We are all connected. Through evolutionary time, life has shaped itself into countless forms, both on land, in the sea and in the air, on rocks, under rocks, everywhere, all shapes, sizes, it did it all in the name of just keep going, of replicating itself at all levels (molecular, cellular, as creatures, and now with Homo Sapiens we can add "ideas" to the mix). We came from chemistry between elements, from the same place. And all the atoms on this planet that was back then are still here, only reassembled a million times over through chemistry. Some times they assemble into water, other times into gases, but some times, under amazing circumstances, they come together and assemble you. You're here because of the continuous process of evolution created more and more complex things that use DNA to put a few trillion molecules together to shape the person that you are. And it only took cosmological time for the universe to become self-aware.
You have billions of cousins. We all do. All our ancestors, millions of generations of slowly changing and adapting to its environment, to a slight stirring of a chemical pot, you end up with the millions of species we know about today. And if we know this many living species, how many countless millions of extinct ones could there be? No one knows, of course. But the question still remains;
How many generations removed from you do you think it's ok to eat your relatives?

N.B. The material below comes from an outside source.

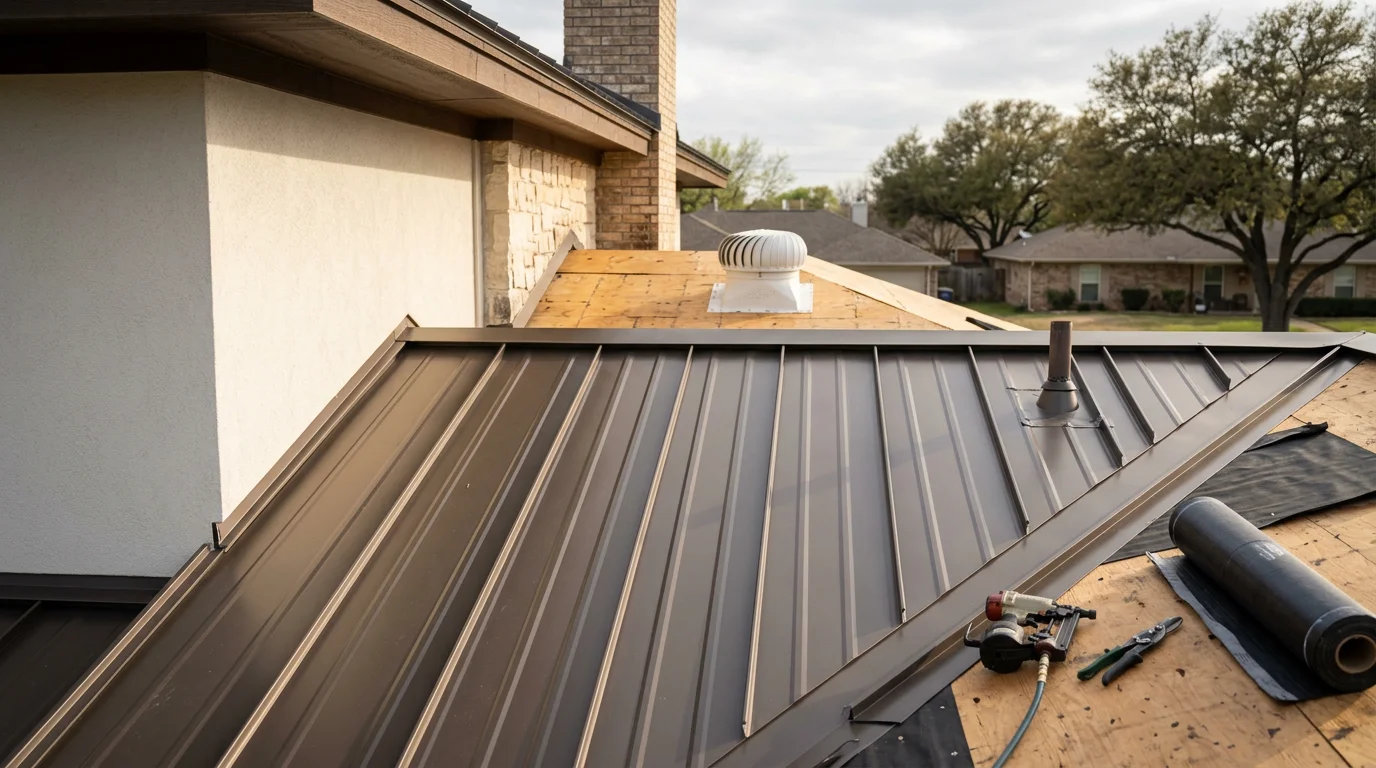 Completed standing seam metal roof installation on a residential home in Fort Worth, Texas, showing clean panel lines and finished ridge and eave trim under a clear sky.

We're all connected, we're all descendants from the same primordial soup, and no matter if you eat a carrot or a juicy steak, you're eating a distant cousin. Now it's just a matter of deciding how many generations away you're willing to eat.
Bon appetit!
Hei Alex, orker ikke skrive på engelsk.
ReplyDeleteBra tanker. 13,7 milliarder år, og det er bare den siste pulsen (Vedaene ;-)
Gleder du deg til Higgs-partikkelen dukker opp i LHC? Planen er visst at de skal starte opp igjen i disse dager. "Give it up fore the God-particle"
Sjøl er jeg blitt sertifisert jeger og eter med stor glede og godt krydder de av mine slekninger som ikke er utrydningstruet og som i naturlig tilstand går på fire, har vinger som armer, eller kan puste under vann.
Må innrømme at jeg ikke leste alt du skrev (det er mye) , men studerer naturfag (geologi og astronomi) på høyskolen om dagen, så gjenkjenner interessen.
Håper du har det fint Alex.
Pratast :-)
Stein.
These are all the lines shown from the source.